I’m not a gun person. Personally I don’t need a gun, never have. In the Air Force, once a year for four years we did weapons training, an afternoon away from my usual radio duties. I barely qualified. Sometimes on vacation there was target shooting at some relative’s farm, mostly .22 rifles. So it took a little getting used to when I started wearing a .40 caliber Smith and Wesson to work every day. Becoming a police officer was never something I seriously expected to be, so when it happened at age 58, I was a little surprised.
At first in the Academy we wore all the equipment, a duty belt with pouches, rings and a holster. We put red plastic guns in the holsters, realistic looking things except for the red color. We practiced drawing them and pointing them. One of my classmates ridiculed me for the way in class she saw me reaching for it, almost caressing it, getting used to the feel of it. It took some getting used to. After six weeks in the Academy we went out to a shooting range and began learning how to use the real thing. It was a challenge.
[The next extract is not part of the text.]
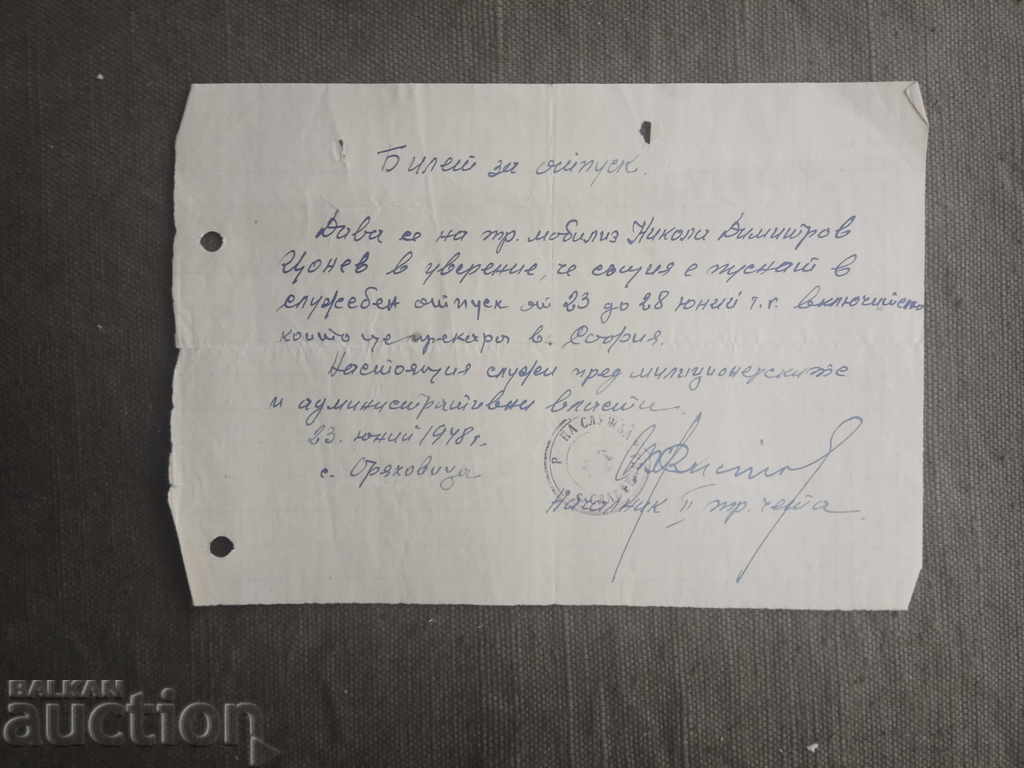 Билет за отпуск на трудово мобилизиран-2 тр. чета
For three long days we fired the weapons, stood, aimed, fired, fired, and fired. The third day when we broke for lunch we were all standing in a row in front of the targets and we all raised our hands and said, “We still have a round in the chamber.”
“Yes,” the instructor responded, “so go to lunch.”
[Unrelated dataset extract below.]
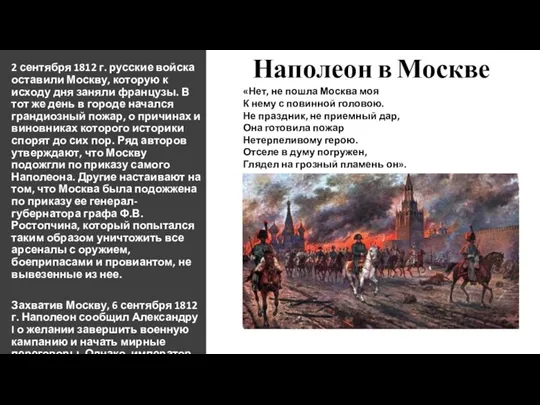 Наполеон в Москве 2 сентября 1812 г. русские войска оставили Москву, которую к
There we were, 30 new recruits all sitting around on benches near the range eating bag lunches, all of us with loaded pistols, cocked and ready on our waists. I’m sure I wasn’t alone in reassuring myself we had all been carefully vetted for our self restraint. I think until then most of us never thought about how police officers always wear their pistols hot, no loading, no cocking, no safety. Out of the holster, one pull on the trigger and it was a lethal weapon. From that day on at the Range we wore our guns “hot.”
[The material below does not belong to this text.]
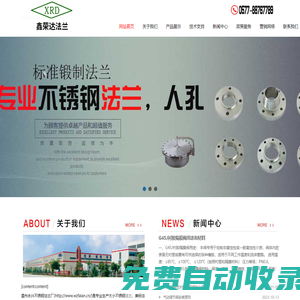 溫州法蘭廠,不銹鋼人孔,法蘭批發(fā)-溫州不銹鋼法蘭人孔廠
Four months later we went to work in our Parks, a uniform, a badge, and wearing a .40 caliber pistol, 11 hollow points in the magazine and one in the chamber ready to fire. For the next three months we learned to do our job in the field under the careful eye of a training officer always watching us. Then one day I came to work, reported in, got in my car and began patrolling by myself, wearing a gun.
It was about two months after I started patrolling alone, two months wearing the gun, when my radio crackled, “1358” my badge number. “Central.”
“Go ahead, Central.”
“Report of gunfire in the Park, Mitchell Canyon area.”
“Enroute,” I responded.
It had been a slow day, now something exciting. I headed for Mitchell Canyon and left the paved road travelling down into the canyon in my 10 year old four wheel drive Jeep Cherokee. Bouncing along I was having fun, and then the thought came like a voice in my head, “Gunfire in the Park! Are you out of your mind?”
For a moment I felt the fear common sense required. I looked at it and consciously decided to be cautious and continued down the road. “It’s what I do. I’ll handle it carefully and hope I don’t get hurt and that no one else has to be hurt.” Mitchell Canyon is an area of the Park on the edge of widely spaced suburban housing to the west and ranch land to the east. I drove down the canyon stopping frequently to listen through my windows for more gunfire. Nothing. A kid with a .22? A rancher firing at bottles? A backfiring car? Whoever it was, they were gone by the time I got there.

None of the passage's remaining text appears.